If I have two materials with complex indices of refraction, $\widetilde{n}_0$ and $\widetilde{n}_1$, with $A_i$ representing the amplitude of a forward-propagating EM wave, and $B_i$ representing the amplitude of the backward-propagating EM wave, and assuming that the system is illuminated from only the left side (so $B_1 = 0$), I can write the amplitudes on the left side of the interface in terms of those on the right using the well-known Fresnel coefficients as
$$ A_0 = \left( \frac{\widetilde{n}_0 + \widetilde{n}_1}{2 \widetilde{n}_0} \right) A_1 $$ and $$ B_0 = \left( \frac{\widetilde{n}_0 - \widetilde{n}_1}{2 \widetilde{n}_0} \right) A_1, $$ for normally-incident, $s$-polarized light.

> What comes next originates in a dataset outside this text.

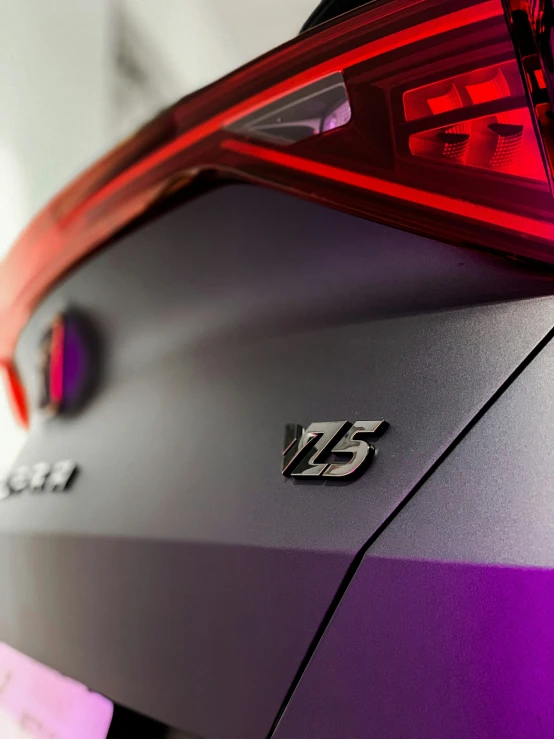 a purple car tail light with the letter s on it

If I compute the time-averaged Poynting flux, $S_i$, using $$ S_i = \frac{n_i}{2 Z} |E_i|^2, $$ where $n_i$ is the real part of the complex index of refraction and $Z$ is the impedance of free space, the total flux on the left side of the interface is $$ \begin{align} S_0 &= \frac{n_0}{2 Z}\left( |A_0|^2 - |B_0|^2 \right) \\ &= \frac{n_0}{2 Z}\left(\left| \frac{\widetilde{n}_0 + \widetilde{n}_1}{2 \widetilde{n}_0} \right|^2 - \left| \frac{\widetilde{n}_0 - \widetilde{n}_1}{2 \widetilde{n}_0} \right|^2 \right)|A_1|^2 \\ &= \frac{n_0}{2 Z} \left( \frac{\widetilde{n}_0 \widetilde{n}_1^* + \widetilde{n}_0^* \widetilde{n}_1}{2} \right) \left| \frac{A_1}{\widetilde{n}_0} \right|^2 \end{align} $$ which is not equal to the flux on the right-hand side, $$ S_1 = \frac{n_1}{2 Z} |A_1|^2, $$ unless $\widetilde{n}_0$ is real, so where did the energy go?
I've included the above calculation as an example, but my actual problem is that flux isn't being conserved numerically in my Python simulation that I'm developing.
At first I thought my expression for the Poynting flux was wrong, but after returning to the definition and recalculating using a complex index of refraction, I arrive at the same result.
I also thought that the energy might be getting transformed into the other polarization state, but that has the same problem.